Minimal level-triggered controller #200

squaremo · 2023-10-04T11:13:18Z

This does the preliminary work requested in #194, so that the implementation of level-triggered pipelines can make progress in several (or at least two) directions. After this is merged, we have a controller that checks the status of its targets, so the promotion algorithm can be implemented (#195).

This does just (about) enough to build the promotion algorithm on top, and thereby get to a usable controller. I made simplifications to get here reasonably quickly:

only HelmRelease objects are supported
only targets in the local cluster (those without a .clusterRef) are supported

Removing those limitations is the work of #196.

I put the new implementation behind a feature flag, so we can work on it without having long-running branches.
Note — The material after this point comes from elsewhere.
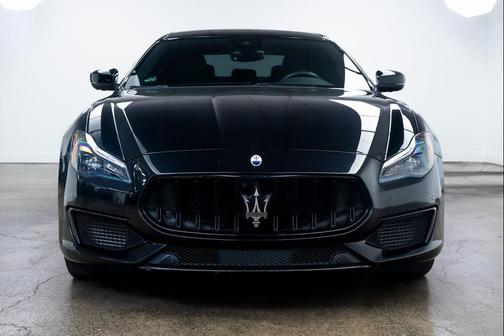 2022 Maserati Quattroporte Trofeo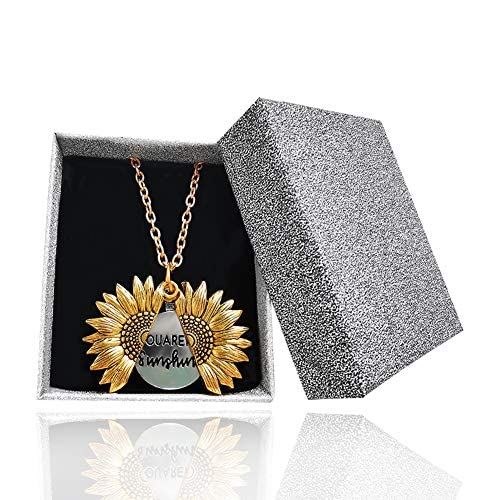 Personalized Sunflower Pendant Necklace - Engraved 'You are My Sunshine' - Perfect Mother's Day Gift with Gift Box - obrazek 3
For many of the subsequent tasks in the umbrella issue #193 it will be enough to work in controllers/leveltriggered/ and write tests there. When we want to work on GUI or other things needing a running controller process, the flag --enable-level-triggered can be given to the binary to start the new controller code.

Fixes #194. With reference to this criterion: "objects that aren't mentioned in a pipeline don't get watched" -- this implementation limits support to a specific type, and the local cluster, and uses the convenience builder API in controller-runtime, so avoids creating informers and watchers and so on dynamically. The expanded implementation (#196) will need to pay careful attention to this, though.

yitsushi

Looks good to me, only the module placement of the new controller.

When/if we drop the original logic, make sure we move the controller under controlers.

Or even better if we move it now and rename it controllers.NewLevelTriggeringPipelineReconciler. It's a common code structure to store controllers under controllers and it bothers me to see the new one under a different module. controllers directory is plural.

api/v1alpha1/pipeline_types.go

squaremo · 2023-10-05T17:02:19Z

When/if we drop the original logic, make sure we move the controller under controlers.

Or even better if we move it now and rename it controllers.NewLevelTriggeringPipelineReconciler. It's a common code structure to store controllers under controllers and it bothers me to see the new one under a different module. controllers directory is plural.

We can move the code when the old one is fully deprecated, yep.

The forked controller went in its own package mainly because the tests rely on a TestMain which sets the controller running, and it is easier and cleaner if the two controller implementations have their own TestMain.

If the implementations being in controllers/ and a subdirectory of controllers/ is the objectionable bit, I could move the old one to e.g., controllers/legacy. It's pretty common to see subdirectories for different controllers that run in the same manager; this is a different situation but the pattern seems about right.

luizbafilho

This looks great as a basis for making progress. Is there anything else we can deal with it later.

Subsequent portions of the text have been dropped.